Holes: Black and White

Lubos Motl has a new post up on Black Holes and White. I think that he gets a bit carried away with his theme that white holes are not time reversed black holes, but he makes some illuminating points. From the standpoint of pure general relativity, I think, it really is true that white holes are time reversed black holes - at least from the standpoint of a distant observer. There is one very important experimental fact about white holes: they don't seem to exist.

There is one sort of exception, however: the Big Bang. I asked him about this, and if I correctly understand his answer, it's this: entropy. Black holes have a very large entropy, but the big bang had extremely low entropy. I like this answer a lot, mostly because it takes us back to microphysics. What follows are my own thoughts, inspired by Lumo's comment but hardly his fault.
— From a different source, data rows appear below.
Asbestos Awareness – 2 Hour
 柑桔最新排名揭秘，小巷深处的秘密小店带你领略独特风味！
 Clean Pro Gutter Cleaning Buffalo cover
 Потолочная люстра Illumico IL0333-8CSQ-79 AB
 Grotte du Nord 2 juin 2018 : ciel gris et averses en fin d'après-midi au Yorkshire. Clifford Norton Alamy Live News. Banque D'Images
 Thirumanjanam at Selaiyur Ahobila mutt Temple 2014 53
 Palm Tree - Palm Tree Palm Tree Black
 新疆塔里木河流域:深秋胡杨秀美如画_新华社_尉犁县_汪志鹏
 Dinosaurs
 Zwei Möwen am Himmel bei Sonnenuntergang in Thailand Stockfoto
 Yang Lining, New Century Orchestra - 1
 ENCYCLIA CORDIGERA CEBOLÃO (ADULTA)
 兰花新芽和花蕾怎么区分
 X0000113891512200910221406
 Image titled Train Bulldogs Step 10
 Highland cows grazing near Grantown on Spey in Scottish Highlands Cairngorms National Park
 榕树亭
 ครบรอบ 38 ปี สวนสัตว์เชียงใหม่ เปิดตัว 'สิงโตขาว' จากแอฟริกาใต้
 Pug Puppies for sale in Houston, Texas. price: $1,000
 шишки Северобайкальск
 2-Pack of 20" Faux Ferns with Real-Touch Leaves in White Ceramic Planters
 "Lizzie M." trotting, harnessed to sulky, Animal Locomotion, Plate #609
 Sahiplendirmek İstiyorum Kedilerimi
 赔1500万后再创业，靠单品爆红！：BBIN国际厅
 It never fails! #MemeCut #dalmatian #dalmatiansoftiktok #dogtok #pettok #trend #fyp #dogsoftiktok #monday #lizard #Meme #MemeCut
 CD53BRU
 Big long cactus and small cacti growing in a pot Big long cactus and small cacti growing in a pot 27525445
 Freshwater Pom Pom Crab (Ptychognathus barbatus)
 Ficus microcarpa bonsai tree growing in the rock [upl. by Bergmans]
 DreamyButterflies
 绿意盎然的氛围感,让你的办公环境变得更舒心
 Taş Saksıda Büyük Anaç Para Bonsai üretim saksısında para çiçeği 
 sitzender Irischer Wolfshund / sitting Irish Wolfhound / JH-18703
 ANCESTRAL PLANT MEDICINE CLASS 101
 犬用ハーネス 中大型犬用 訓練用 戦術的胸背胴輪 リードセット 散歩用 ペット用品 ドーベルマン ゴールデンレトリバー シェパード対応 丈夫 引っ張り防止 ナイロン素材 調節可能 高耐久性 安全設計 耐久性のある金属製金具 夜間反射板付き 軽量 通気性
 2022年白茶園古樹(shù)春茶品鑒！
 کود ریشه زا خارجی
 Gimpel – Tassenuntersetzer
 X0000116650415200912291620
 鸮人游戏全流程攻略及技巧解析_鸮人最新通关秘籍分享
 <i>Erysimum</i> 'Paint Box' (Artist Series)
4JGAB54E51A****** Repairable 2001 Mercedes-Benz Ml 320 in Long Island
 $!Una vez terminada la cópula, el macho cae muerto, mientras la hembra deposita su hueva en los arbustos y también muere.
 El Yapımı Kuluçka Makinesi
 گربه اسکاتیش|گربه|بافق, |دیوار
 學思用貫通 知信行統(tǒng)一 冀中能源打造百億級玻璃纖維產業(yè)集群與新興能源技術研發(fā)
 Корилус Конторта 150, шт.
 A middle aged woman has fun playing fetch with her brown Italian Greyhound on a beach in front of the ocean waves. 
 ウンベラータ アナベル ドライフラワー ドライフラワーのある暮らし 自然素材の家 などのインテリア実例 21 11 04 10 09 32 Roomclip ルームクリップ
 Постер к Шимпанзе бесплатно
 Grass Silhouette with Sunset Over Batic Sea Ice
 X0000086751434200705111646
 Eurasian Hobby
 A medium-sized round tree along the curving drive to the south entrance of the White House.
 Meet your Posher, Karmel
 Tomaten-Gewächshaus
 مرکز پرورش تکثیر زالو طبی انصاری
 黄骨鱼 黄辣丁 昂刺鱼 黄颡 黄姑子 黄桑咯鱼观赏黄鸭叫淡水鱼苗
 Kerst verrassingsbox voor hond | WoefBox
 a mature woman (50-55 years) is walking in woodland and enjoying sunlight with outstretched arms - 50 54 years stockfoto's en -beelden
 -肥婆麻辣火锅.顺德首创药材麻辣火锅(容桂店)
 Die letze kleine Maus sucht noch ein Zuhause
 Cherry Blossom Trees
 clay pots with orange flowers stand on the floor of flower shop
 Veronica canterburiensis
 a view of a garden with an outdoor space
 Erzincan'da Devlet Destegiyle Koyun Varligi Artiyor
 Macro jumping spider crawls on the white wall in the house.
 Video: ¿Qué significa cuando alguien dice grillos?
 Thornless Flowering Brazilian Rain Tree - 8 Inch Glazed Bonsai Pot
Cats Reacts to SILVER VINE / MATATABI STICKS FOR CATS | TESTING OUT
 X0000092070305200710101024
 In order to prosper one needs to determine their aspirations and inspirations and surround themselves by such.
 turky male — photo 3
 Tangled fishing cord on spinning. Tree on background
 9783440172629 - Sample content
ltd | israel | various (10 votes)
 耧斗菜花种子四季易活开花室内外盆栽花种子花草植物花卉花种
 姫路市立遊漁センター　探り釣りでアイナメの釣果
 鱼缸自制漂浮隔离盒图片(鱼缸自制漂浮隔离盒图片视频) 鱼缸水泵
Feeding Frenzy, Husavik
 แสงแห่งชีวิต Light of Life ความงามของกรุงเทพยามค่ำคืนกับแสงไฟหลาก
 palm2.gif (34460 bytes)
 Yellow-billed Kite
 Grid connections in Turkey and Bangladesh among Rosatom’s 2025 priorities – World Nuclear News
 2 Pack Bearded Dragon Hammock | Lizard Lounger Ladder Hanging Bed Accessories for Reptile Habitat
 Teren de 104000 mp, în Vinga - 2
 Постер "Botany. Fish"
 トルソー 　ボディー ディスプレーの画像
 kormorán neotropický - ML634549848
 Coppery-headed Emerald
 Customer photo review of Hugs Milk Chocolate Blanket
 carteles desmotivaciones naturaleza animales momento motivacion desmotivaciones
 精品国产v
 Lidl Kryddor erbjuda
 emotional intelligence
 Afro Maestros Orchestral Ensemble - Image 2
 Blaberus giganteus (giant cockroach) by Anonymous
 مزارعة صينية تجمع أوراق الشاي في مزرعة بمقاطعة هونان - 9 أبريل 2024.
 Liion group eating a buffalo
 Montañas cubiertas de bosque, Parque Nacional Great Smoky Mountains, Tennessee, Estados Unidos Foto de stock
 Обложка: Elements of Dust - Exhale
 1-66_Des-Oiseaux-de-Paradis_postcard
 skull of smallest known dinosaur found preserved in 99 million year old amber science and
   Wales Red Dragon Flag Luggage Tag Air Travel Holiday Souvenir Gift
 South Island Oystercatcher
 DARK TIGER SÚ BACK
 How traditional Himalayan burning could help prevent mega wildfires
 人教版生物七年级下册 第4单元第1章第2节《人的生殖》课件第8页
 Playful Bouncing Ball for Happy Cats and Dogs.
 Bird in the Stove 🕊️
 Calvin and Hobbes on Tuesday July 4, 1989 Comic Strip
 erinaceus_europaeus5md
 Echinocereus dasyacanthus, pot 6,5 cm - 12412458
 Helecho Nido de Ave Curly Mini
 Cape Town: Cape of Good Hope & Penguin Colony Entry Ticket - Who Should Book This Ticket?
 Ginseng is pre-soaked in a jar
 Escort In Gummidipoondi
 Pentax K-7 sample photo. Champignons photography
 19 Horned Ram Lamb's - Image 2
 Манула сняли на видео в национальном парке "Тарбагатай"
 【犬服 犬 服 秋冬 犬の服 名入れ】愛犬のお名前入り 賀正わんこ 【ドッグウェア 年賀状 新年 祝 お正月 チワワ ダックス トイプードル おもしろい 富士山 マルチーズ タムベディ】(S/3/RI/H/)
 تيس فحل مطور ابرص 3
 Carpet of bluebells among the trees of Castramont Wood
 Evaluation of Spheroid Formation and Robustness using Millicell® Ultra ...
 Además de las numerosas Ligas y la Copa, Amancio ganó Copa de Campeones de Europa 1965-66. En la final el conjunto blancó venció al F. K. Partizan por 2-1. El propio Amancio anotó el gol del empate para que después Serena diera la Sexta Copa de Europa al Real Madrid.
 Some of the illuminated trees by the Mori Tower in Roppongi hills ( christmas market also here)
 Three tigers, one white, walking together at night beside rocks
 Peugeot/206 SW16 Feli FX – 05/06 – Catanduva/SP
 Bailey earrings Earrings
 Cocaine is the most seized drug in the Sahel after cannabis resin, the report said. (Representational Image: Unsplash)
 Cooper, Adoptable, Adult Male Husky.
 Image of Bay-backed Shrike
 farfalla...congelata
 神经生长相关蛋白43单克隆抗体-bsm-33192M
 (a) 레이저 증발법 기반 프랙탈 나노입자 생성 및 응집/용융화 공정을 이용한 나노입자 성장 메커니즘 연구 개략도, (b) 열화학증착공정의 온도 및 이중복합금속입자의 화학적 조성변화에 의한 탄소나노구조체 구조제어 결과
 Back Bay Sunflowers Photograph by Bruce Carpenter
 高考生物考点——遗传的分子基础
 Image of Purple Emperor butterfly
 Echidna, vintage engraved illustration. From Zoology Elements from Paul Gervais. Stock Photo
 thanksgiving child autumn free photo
If we look at a black hole in terms of its interior, or maybe just its surface, as a seething mass of strings (or what have you), only an incredibly unlikely coincidence could correlate the momenta so precisely as to detonate the black hole as a white hole. (Like the shattered watch spontaneously reassembling itself times ten to the zillionth). The white hole at the beginning of time had to be different.

Perhaps that cosmic egg was in some state of very high symmetry such that it could only decay in some very precisely correlated way, such that the momenta really did conspire.